700 to 1000 m of late Cretaceous to Eocene age clastic and carbonate units, including the Price River, North Horn, Flagstaff, Colton, and possibly the Crazy Hollow formations, are exposed. Three Oligocene to early Miocene volcanic units-the porphyritic Johnson Valley trachyandesite, the phenocryst-poor Lake Creek trachyte, and the biotite-rich Osiris trachyte-form a 300 to 500 m package that unconformably overlies the sedimentary units.

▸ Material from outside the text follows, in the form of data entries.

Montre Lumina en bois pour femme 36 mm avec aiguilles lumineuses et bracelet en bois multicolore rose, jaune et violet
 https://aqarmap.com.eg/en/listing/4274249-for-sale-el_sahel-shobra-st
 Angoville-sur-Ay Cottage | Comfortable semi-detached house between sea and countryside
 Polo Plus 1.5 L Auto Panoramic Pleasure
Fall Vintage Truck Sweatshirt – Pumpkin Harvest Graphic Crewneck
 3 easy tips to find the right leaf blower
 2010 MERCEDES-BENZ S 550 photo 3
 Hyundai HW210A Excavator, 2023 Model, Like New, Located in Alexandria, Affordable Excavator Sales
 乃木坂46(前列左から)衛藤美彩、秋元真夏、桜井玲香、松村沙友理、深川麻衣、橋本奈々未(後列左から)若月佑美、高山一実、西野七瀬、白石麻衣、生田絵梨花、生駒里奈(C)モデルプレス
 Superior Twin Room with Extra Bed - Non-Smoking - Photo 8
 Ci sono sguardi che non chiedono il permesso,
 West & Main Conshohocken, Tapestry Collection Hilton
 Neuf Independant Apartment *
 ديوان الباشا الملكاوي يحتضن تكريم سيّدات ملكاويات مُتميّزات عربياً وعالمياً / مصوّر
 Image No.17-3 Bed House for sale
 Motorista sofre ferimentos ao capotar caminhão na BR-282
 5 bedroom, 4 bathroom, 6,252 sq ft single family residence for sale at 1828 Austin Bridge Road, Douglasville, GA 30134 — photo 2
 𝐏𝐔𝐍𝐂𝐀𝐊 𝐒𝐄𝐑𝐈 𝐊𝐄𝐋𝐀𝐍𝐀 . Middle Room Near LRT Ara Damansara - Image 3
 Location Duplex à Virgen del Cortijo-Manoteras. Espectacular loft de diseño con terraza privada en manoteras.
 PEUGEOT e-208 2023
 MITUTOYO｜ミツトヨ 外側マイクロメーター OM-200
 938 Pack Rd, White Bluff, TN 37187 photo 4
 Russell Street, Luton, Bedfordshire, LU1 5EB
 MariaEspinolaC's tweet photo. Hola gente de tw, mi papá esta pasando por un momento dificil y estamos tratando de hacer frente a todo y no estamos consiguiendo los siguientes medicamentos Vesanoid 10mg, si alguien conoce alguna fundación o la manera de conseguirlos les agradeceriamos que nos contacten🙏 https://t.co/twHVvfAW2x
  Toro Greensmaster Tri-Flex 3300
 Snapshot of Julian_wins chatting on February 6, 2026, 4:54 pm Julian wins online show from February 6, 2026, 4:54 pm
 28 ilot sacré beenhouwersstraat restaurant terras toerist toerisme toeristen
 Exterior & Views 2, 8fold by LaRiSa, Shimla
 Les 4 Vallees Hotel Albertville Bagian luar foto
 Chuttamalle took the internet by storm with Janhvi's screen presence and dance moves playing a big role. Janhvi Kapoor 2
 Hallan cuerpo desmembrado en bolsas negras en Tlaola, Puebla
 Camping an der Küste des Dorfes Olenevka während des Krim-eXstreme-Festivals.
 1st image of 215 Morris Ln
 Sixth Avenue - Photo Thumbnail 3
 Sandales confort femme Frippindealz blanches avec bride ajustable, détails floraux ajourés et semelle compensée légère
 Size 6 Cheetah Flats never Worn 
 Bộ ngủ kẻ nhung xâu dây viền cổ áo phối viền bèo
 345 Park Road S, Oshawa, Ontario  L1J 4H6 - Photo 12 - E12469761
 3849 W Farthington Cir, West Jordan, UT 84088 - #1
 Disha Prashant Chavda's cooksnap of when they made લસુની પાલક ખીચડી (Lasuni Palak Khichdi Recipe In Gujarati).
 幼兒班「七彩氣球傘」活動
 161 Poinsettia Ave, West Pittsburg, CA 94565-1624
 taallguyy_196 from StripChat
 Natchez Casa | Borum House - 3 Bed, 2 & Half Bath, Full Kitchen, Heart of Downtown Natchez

The structural geometry of the northern Fish Lake Plateau is dominated by steeply-dipping normal faults that bound a suite of NNW to NE-trending grabens and half grabens. Grabens range from 5 to 12 km in length, and 1 to 2 km in width, with maximum displacements of <700 m. The oldest grabens form broad valleys with abundant colluvium; based on age relations from the southern Fish Lake Plateau, the oldest grabens in the Mt. Terrill and Hilgard Mountain quadrangles range may be as old as 5 Ma. Petes Hole is a distinctive, down-to-the west, half graben complex with an internal drainage consistent with Quaternary faulting that has yet to be integrated into the Lost Creek drainage.